Information supplied

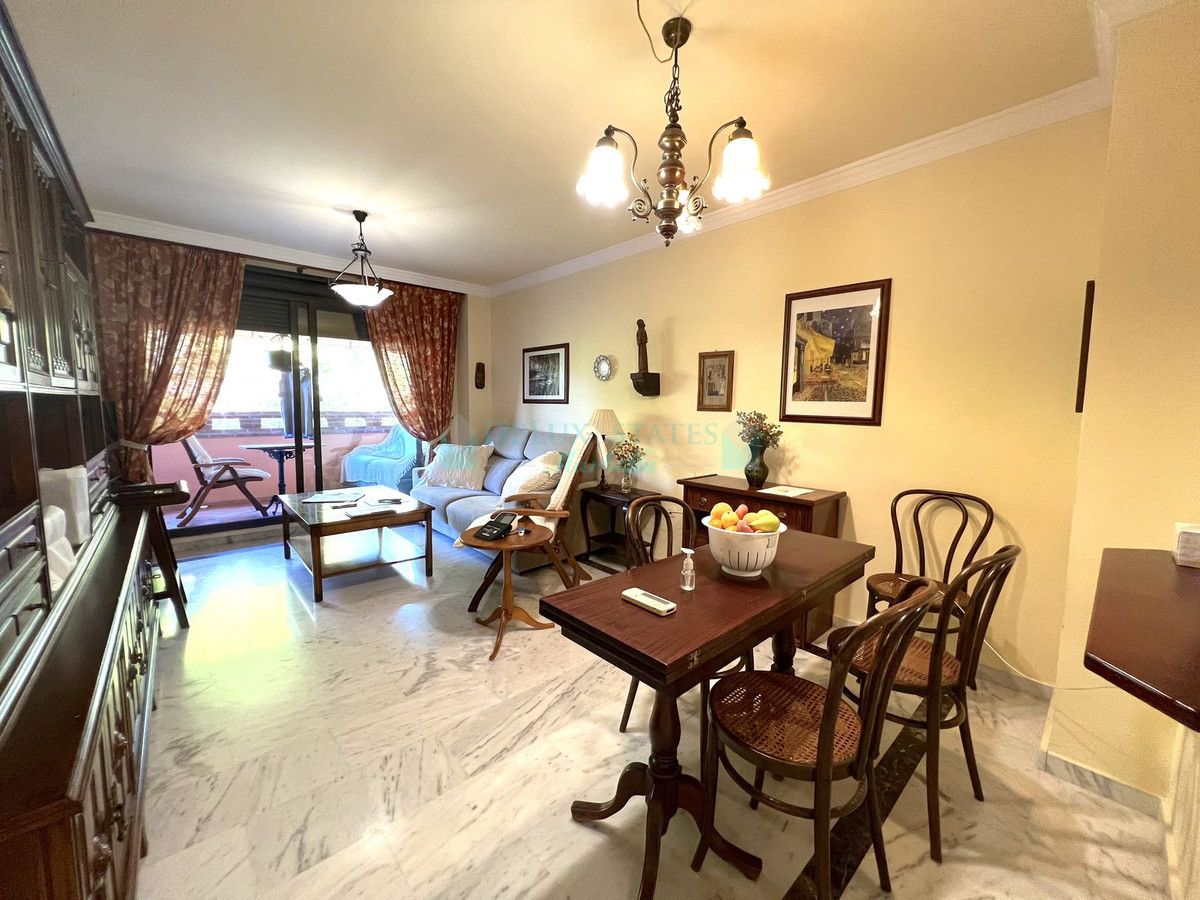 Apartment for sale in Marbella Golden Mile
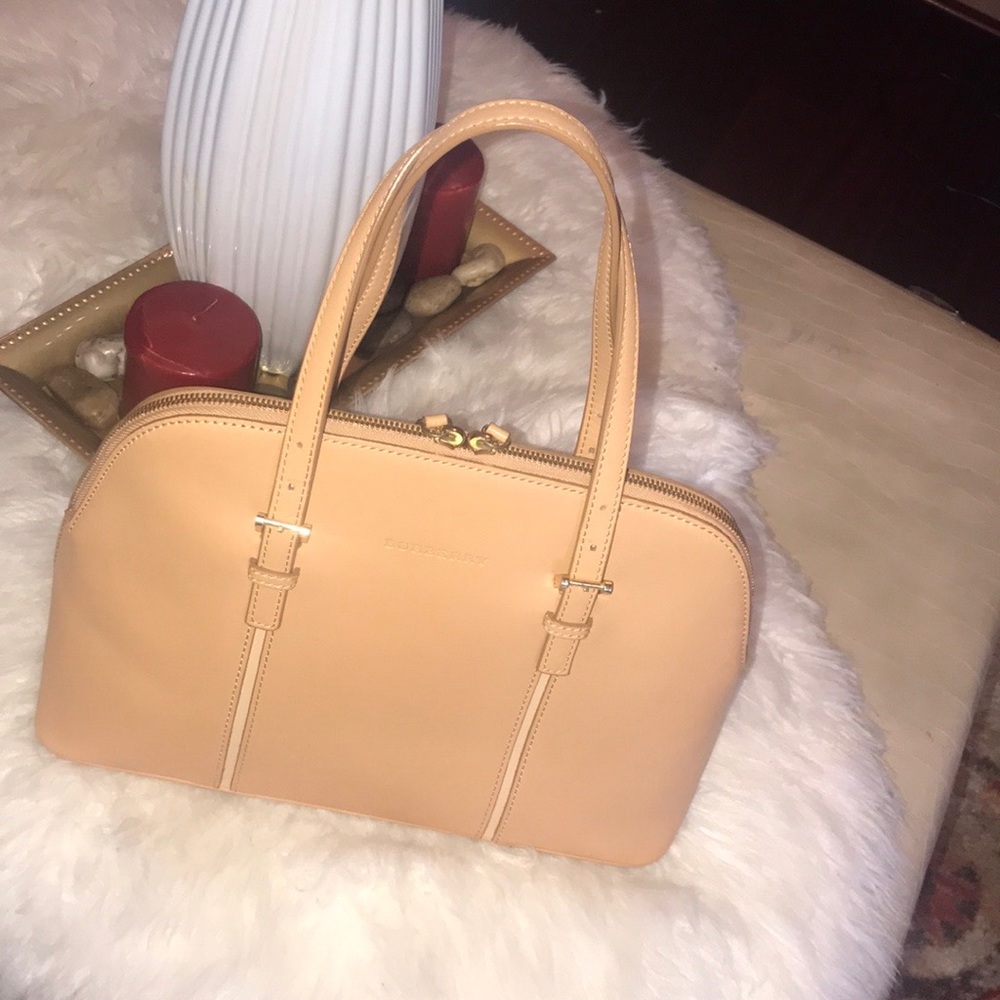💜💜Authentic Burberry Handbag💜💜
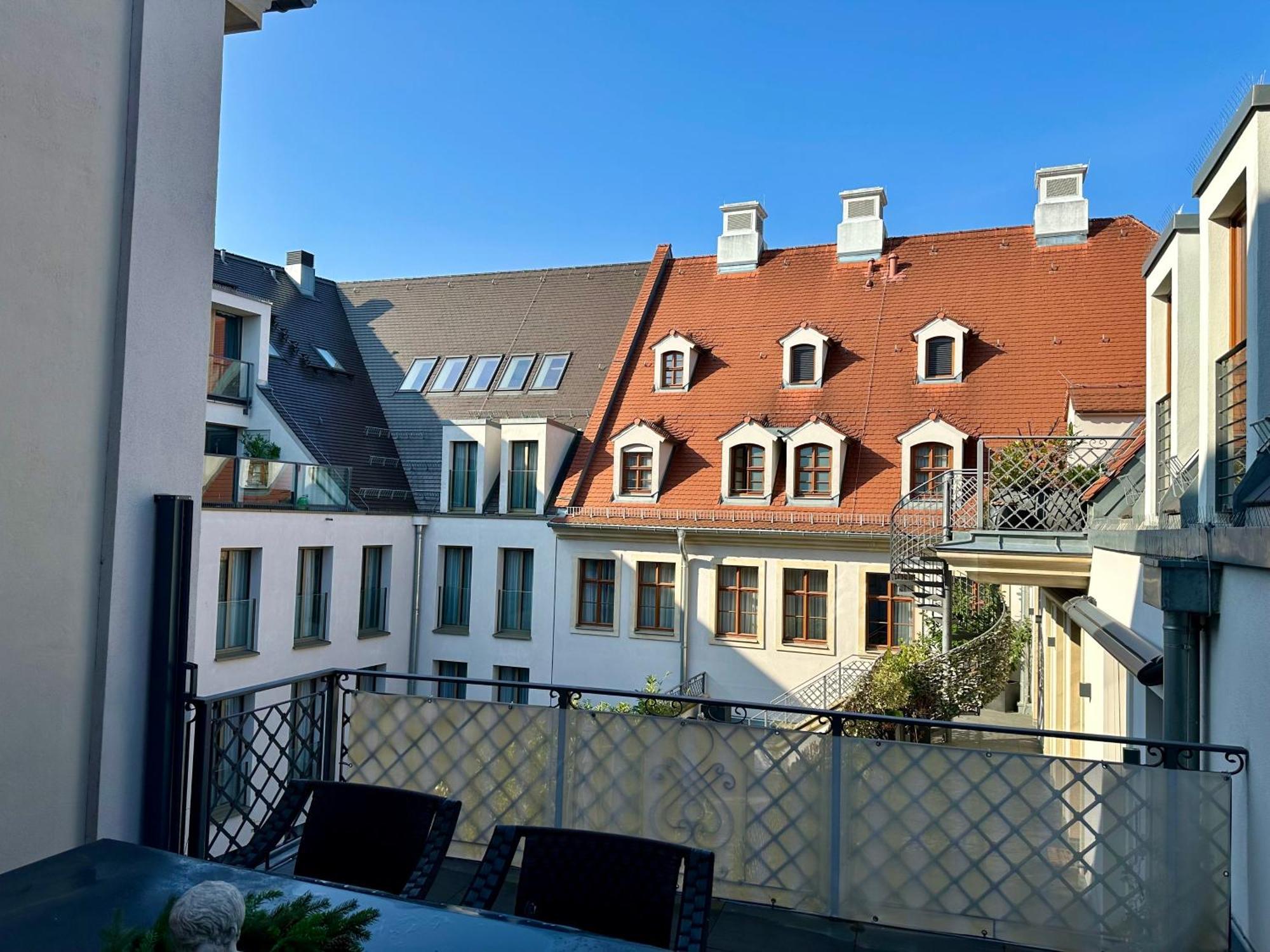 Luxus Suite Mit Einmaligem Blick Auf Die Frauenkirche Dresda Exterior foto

What you will do
Pictures are to be left out; all other data must be returned exactly.

Solved problem
 Apartment for sale in Marbella Golden Mile
💜💜Authentic Burberry Handbag💜💜
 Luxus Suite Mit Einmaligem Blick Auf Die Frauenkirche Dresda Exterior foto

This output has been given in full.